As of the census of 2010, there were 526 people, 232 households, and 167 families residing in the township. The population density was 11.9 people per square mile (4.6/km^{2}). There were 431 housing units at an average density of 8.2/sq mi (3.2/km^{2}). The racial makeup of the township was 99.36% White, 0.32% from other races, and 0.32% from two or more races. Hispanic or Latino of any race were 0.32% of the population.

There were 232 households, out of which 29.3% had children under the age of 18 living with them, 61.2% were married couples living together, 6.9% had a female householder with no husband present, and 28.0% were non-families. 22.4% of all households were made up of individuals, and 12.1% had someone living alone who was 65 years of age or older. The average household size was 2.66 and the average family size was 3.10.

In the township the population was spread out, with 22.7% under the age of 18, 8.4% from 18 to 24, 28.7% from 25 to 44, 25.8% from 45 to 64, and 14.5% who were 65 years of age or older. The median age was 41 years. For every 100 females there were 98.4 males. For every 100 females age 18 and over, there were 92.8 males.

The median income for a household in the township was $38,438, and the median income for a family was $42,917. Males had a median income of $28,000 versus $21,161 for females. The per capita income for the township was $16,964. About 7.6% of families and 12.6% of the population were below the poverty line, including 20.9% of those under age 18 and 11.5% of those age 65 or over.

Historical population
| Census | Pop. | Note | %± |
| 1970 | 533 |  | — |
| 1980 | 669 |  | 25.5% |
| 1990 | 648 |  | −3.1% |
| 2000 | 621 |  | −4.2% |
| 2010 | 526 |  | −15.3% |
| 2020 | 497 |  | −5.5% |
| 2022 (est.) | 492 |  | −1.0% |
U.S. Decennial Census

==Linguistics==
The village of Frenchville within the township was begun in 1835 by French settlers from Normandy and Picardy.
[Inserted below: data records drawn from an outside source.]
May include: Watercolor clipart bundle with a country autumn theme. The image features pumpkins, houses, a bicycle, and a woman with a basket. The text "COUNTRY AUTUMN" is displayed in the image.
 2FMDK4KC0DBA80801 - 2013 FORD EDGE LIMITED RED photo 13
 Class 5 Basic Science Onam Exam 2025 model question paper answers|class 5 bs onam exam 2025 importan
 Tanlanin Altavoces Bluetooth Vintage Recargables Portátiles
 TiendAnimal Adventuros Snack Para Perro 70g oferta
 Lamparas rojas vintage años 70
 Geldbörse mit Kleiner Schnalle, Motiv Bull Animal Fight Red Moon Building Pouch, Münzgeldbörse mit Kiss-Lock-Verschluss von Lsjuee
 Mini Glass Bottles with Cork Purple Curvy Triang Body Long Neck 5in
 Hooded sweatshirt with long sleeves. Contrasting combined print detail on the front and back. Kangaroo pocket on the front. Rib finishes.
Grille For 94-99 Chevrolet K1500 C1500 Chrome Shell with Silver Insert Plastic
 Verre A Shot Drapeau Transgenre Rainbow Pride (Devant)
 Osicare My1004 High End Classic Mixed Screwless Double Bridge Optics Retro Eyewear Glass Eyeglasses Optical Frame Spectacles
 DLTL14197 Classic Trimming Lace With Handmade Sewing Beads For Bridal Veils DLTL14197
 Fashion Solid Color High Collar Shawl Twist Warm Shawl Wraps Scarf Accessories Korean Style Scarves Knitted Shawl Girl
The village has a small population, and the local dialect evolved in isolation until being rediscovered by linguists in the 1960s. The Frenchville and neighboring Girard Township francophones spoke a distinct dialect of North American French that presently is moribund.

==Education==

Students living in Covington Township attend schools in the Clearfield Area School District.